Por exemplo, em maio deste ano, o senador Marco Rubio escreveu uma carta contundente ao CEO da Corporação Financeira Internacional para o Desenvolvimento dos EUA, na qual pediu que explicasse por que a agência, responsável por coordenar a aplicação de recursos para financiamento do desenvolvimento (empréstimos), ainda não conseguiu competir seriamente com a China. Isso, afirmou ele, apesar do fato de o Congresso americano ter fornecido autoridade e liquidez adicionais a essa agência em 2018 para, em parte, competir com a Nova Rota da Seda. Por esse motivo, acho que por enquanto é uma questão de esperar para ver.

Quando o estudo do AidData foi divulgado, a guerra na Ucrânia ainda não havia começado. O conflito pode influenciar o futuro da Nova Rota da Seda?

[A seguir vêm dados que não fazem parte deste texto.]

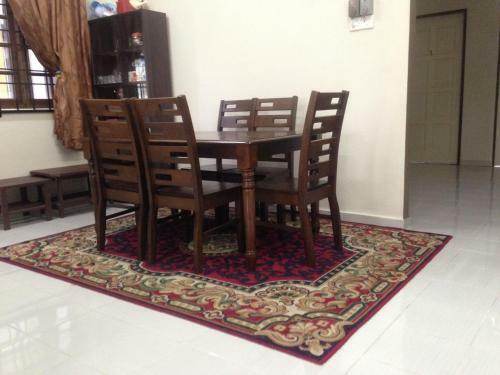 D'embun Homestay Airport Lodge
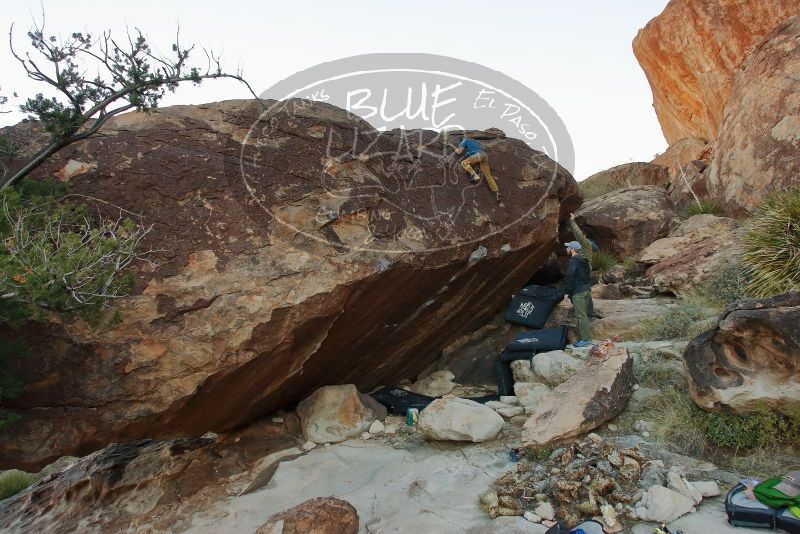 Bouldering in Hueco Tanks on 12/13/2019 with Blue Lizard Climbing and Yoga

Filename: SRM_20191213_1044430.jpg
Aperture: f/5.6
Shutter Speed: 1/250
Body: Canon EOS-1D Mark II
Lens: Canon EF 16-35mm f/2.8 L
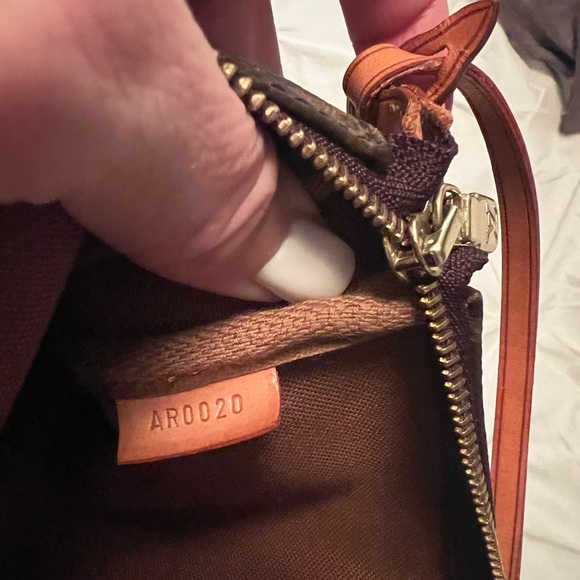 SOLD Authentic Louis Vuitton Pochette Accessoires - Picture 9 of 10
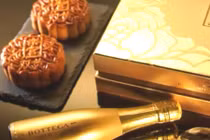 Trung Quốc rộ quà tặng bánh trung thu đắt khủng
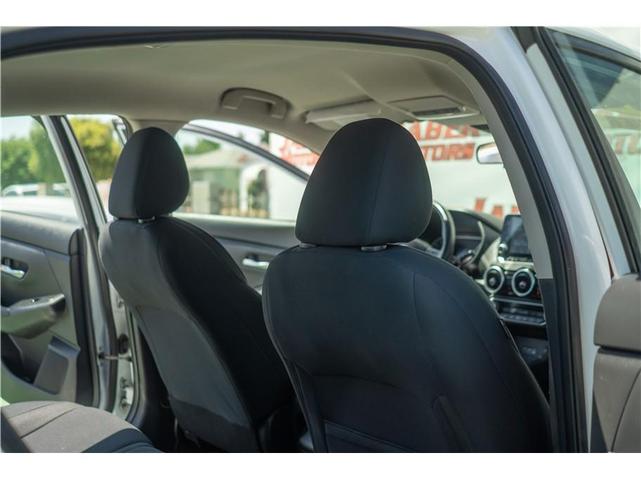 Photo of 2021 White Nissan Sentra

O impacto mais direto da guerra na Nova Rota da Seda tem sido por meio do aumento dos preços de alimentos e commodities, questão que eu já comentei. Se o conflito continuar ou se expandir, os reflexos no sistema financeiro global e a recessão econômica podem diminuir ainda mais a capacidade dos países em desenvolvimento de pagar os empréstimos da Nova Rota da Seda, o que, por sua vez, abalaria a confiança das autoridades chinesas em sua capacidade de manter essa iniciativa global operando.

Porém, em termos de financiamento chinês direto no desenvolvimento da Ucrânia, observe que, de acordo com os dados que coletamos, a participação da China na dívida pública ucraniana é relativamente baixa – US$ 1,6 bilhão ou aproximadamente 1,5% do PIB do país.